If you do not know the types of your competitors’ properties, rental rates per night, clientele, agencies used, unique credentials, experience, or their weaknesses, you have not properly analyzed your competition. Failing to define the above in your business plan can be detrimental for your marketing plan, and ultimately, return on investment.
4. Wrong Distribution Plan
The wrong distribution plan is yet another common flaw in a vacation rental business plan. And why is getting this right so important? No matter how polished your marketing plan or your value proposition to the customer is, with a wrong distribution plan, your intended customers might simply never find your rental property.
Multi-channel strategies are very effective ways to reach your intended customers. The multi-channel strategy uses more than one type of distribution channel simultaneously. Online, you can market your property directly, or you can use middlemen, such as Expedia or TripAdvisor. In fact, it is recommended that new hosts add their rental properties to online travel agencies’ catalogs and listing sites for better visibility.

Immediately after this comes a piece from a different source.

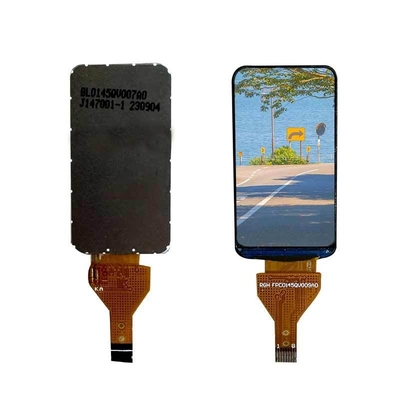 ODM IPS TFT LCD Display Module 172x320 SPI Interface 1,45 polegadas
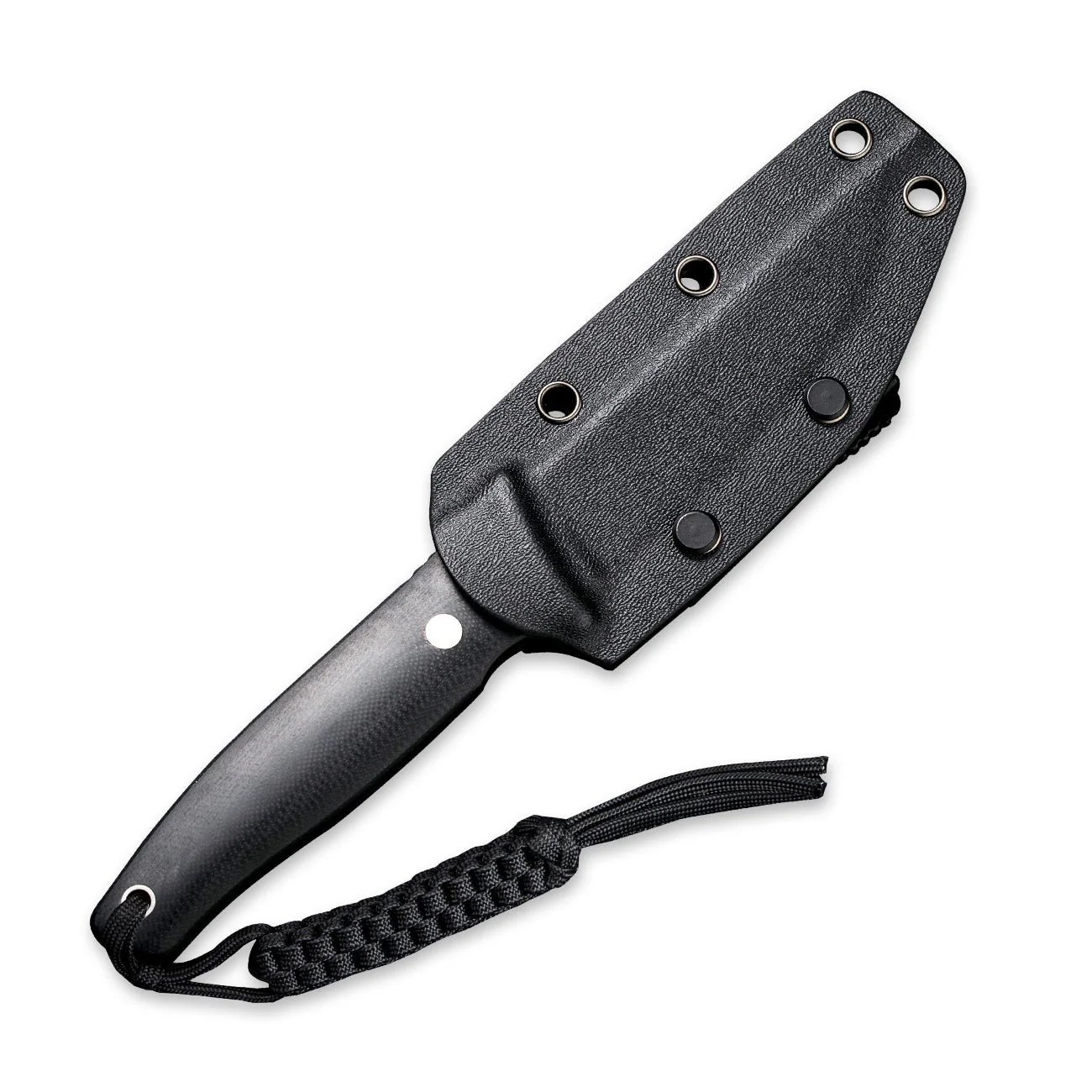 CIVIVI Tamashii Fixed Blade Knife G10 Handle (4.07" D2 Blade) C19046-1 - Image 8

Your distribution plan should list the channels you will advertise your property on, how much these channels cost you, and also describe your rental property management. The latter is important, as coordinating bookings coming from different sites can become tedious (you might even consider the help of a channel manager). Proper customer segmentation will also help you define which listing sites your target customers are likely to use (hint: you need to be on those sites).
The sharing economy is very much digital, but offline distribution channels should not be neglected either if these channels best help you reach your intended audience.
5. Overestimating Revenues, Underestimating Costs
The final common flaw in a vacation rental business plan is poor revenue management planning. If you fail to analyze the numbers, you may end up over or underestimating your revenues and costs, and you won’t be able to accurately predict how long it takes to start making money in real estate.
One mistake is to overestimate the rental income and not take all rental costs and expenses into account. To keep your accounts green, you should start by defining your rental rate per night. Do you wish to keep it fixed or adjust it per peak seasons? On the costs side, you will at the very least need to know the tax percentage you pay to the Government. Other costs you need to estimate are the totals of your utility bills and marketing and distribution costs. Another frequent mistake is to forget the small cost items, like regular maintenance costs. Setting a target monthly income on your holiday rental property will help you plan a budget. You can then adjust the rental rate and desired Airbnb occupancy rate in line with your target. As you know, owning a vacation rental property also generates certain variable costs- you might want to define the desired cap for those as well.
We know it is easy to get overwhelmed by the numbers. There are plenty of analytics tools out there that can help you estimate incomes and costs, such as those available at Mashvisor. Start out your 14-day free trial with Mashvisor now to get ahold of our vacation rental income calculator.
We hope this list of the five common flaws in vacation rental business plans has provided you food for thought. We recommend you read your vacation rental business plan one more time. Does it really outline your path to success?